Shipwreck

Harry Potter - J. K. Rowling
F/M
G
Shipwreck
Summary
“You weren’t like this when we met, were you?”“What was I like?”“A storm.”“And now?”“Safety.”  [Harry doesn’t quite understand how it happens, but through the pain and the burning, bruising inferno in his head, he always manages to crash against her door.]

Harry can taste the blood. 

It’s spilling from some indecipherable corner of his mouth. He can taste the salty, metallic zing just as well as he can smell it. There’s a ringing sound in his ear, sloshing of blood against his eardrums in defiance. How is he still standing? With each step of his, shots of pain rushes to his chest, his stomach, his head. And there’s nothing there but a blunt, chiding anger, pushing him forward into the night. He even sees red with that one eye that’s still working. Blood red. Blood. Sometimes he feels that’s all he’s made up of.

Harry doesn’t quite understand how it happens, but through the pain and the burning, bruising inferno in his head, he always manages to crash against her door. It makes a thudding noise, sending shocks of pain to his brain.

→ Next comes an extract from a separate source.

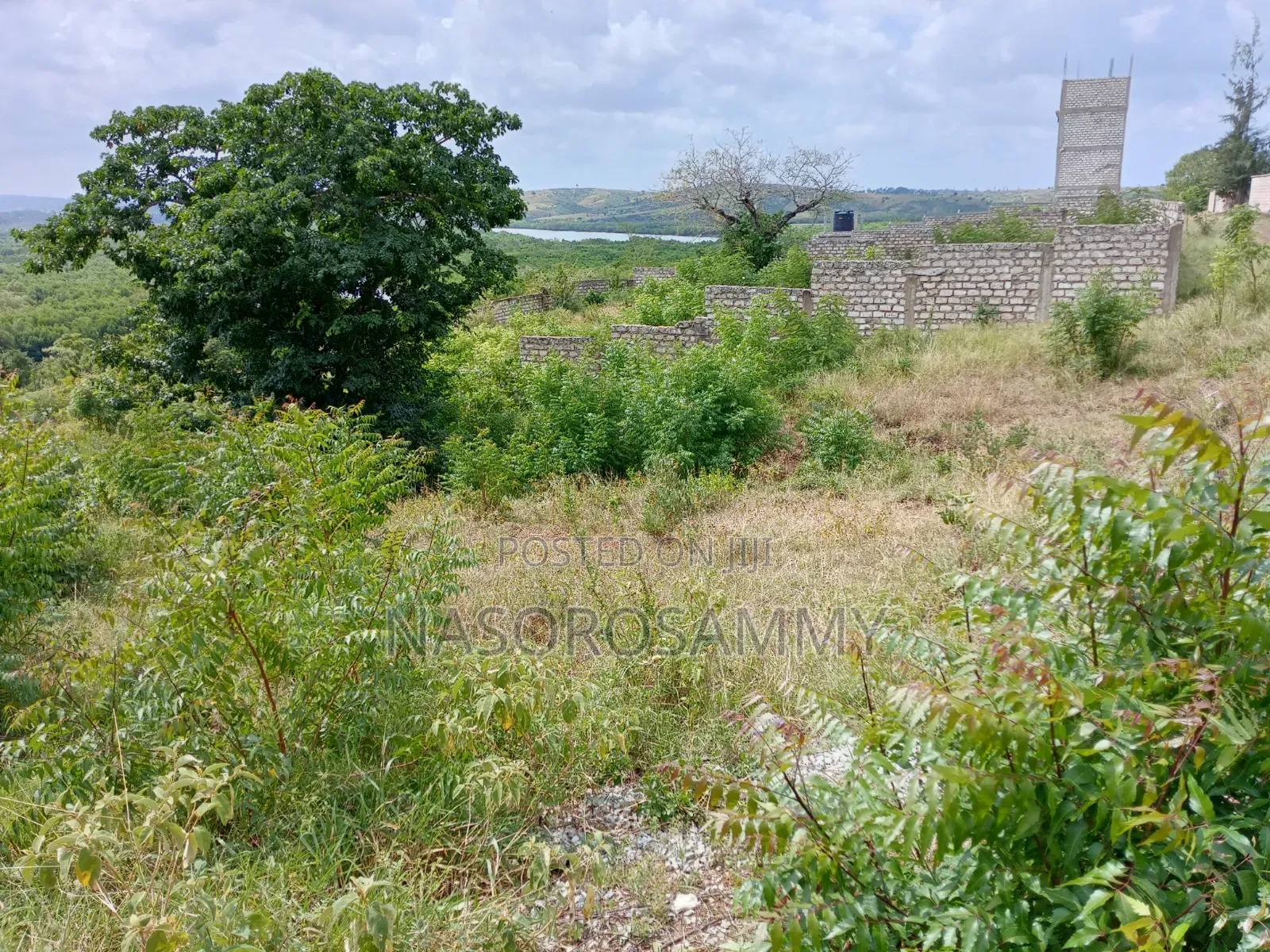 50 by 100 Plot for Sale With Tittle Deed in Jomvu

“Open up,” he says weakly, more blood spills from his mouth. 

There is a sound of something breaking, a loud curse—the door slides open. He falls in pathetically, to the only source of gravity in the world.

“Harry,” Pansy whispers. “Harry, what happened?”

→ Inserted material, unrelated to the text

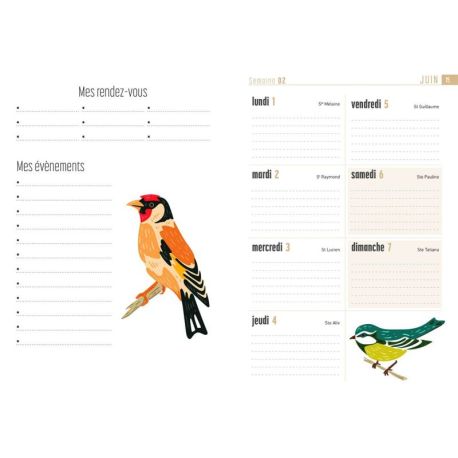 AGENDA OISEAUX 2026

He mumbles something against her neck. She holds him up, lets him thrust his weight to her as she leads him inside. With his brain only a bundle of nerves and his entire body alight with them, he follows her blindingly. After hours, it seems, she sits him down and goes away. The world’s cold again. He wants to reach for her but his shoulder burns. What had happened to it? He tries to open his eyes to see, but there’s only one yellow light blurring everything else.

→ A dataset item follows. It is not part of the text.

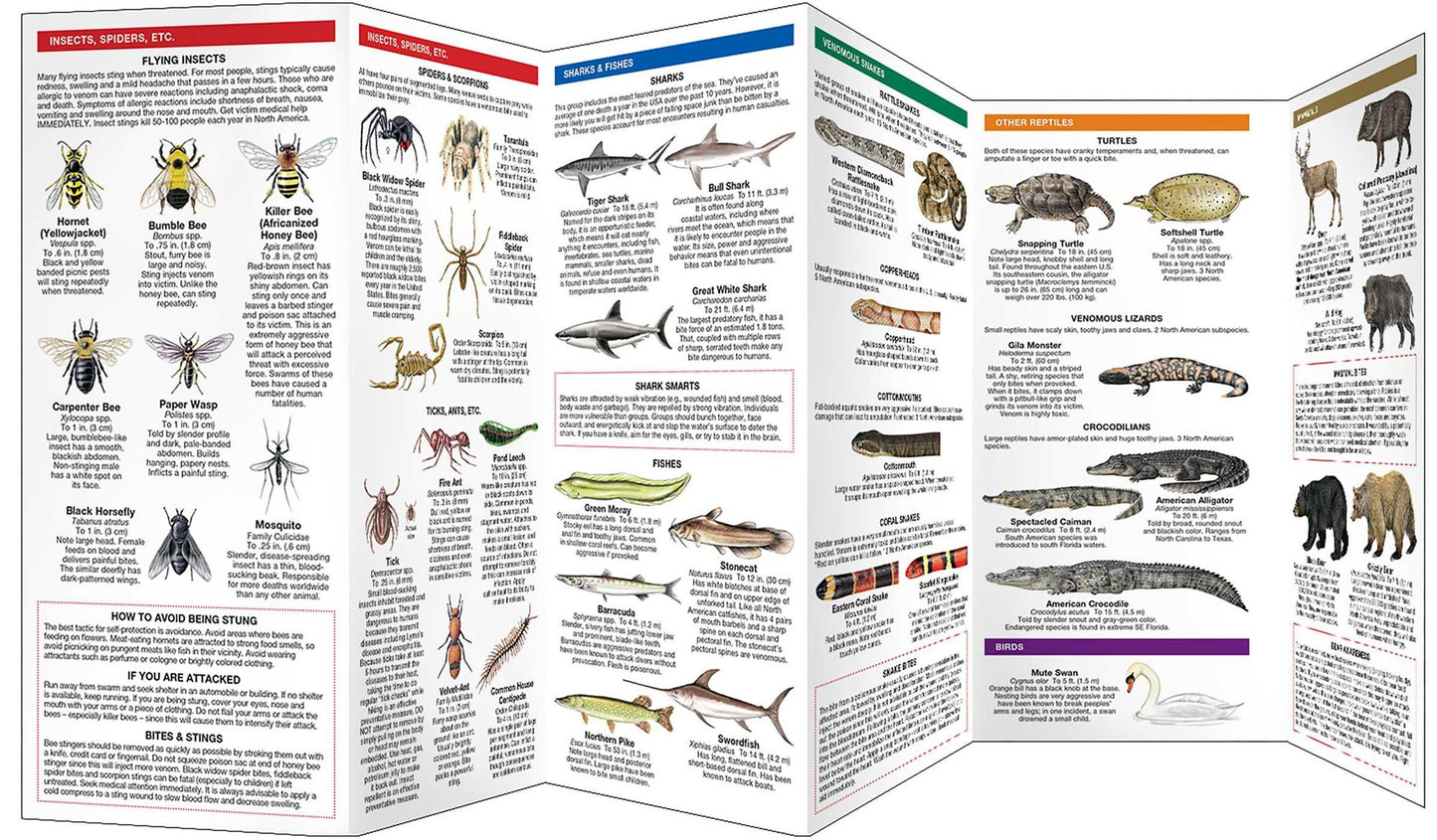 Dangerous Animals and Plants: An Introduction to Dangerous North American Species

Still he knows it’s her kitchen. 

“I’m here,” Pansy says as she comes in again. Something levitates in front of his nose. A strong smell of ginger. “Drink this.”

He does. It burns as it passes through his throat. But after he coughs and curses her through it… he stops shaking. His eyes clear a little. He’s right, it’s her kitchen. With the wooden counters, the overhead yellow light, the french press whizzing mechanically all hours of the day. Pansy is standing in front of him in her pearly silk nightshirt, watching him the same way she always does—with undivided attention. Her hair is pulled up in a half-bun with her cheek flushed and indignant. Her eyes look a clear, lapis blue. If she weren’t so mad at him, he would tell her she’s beautiful.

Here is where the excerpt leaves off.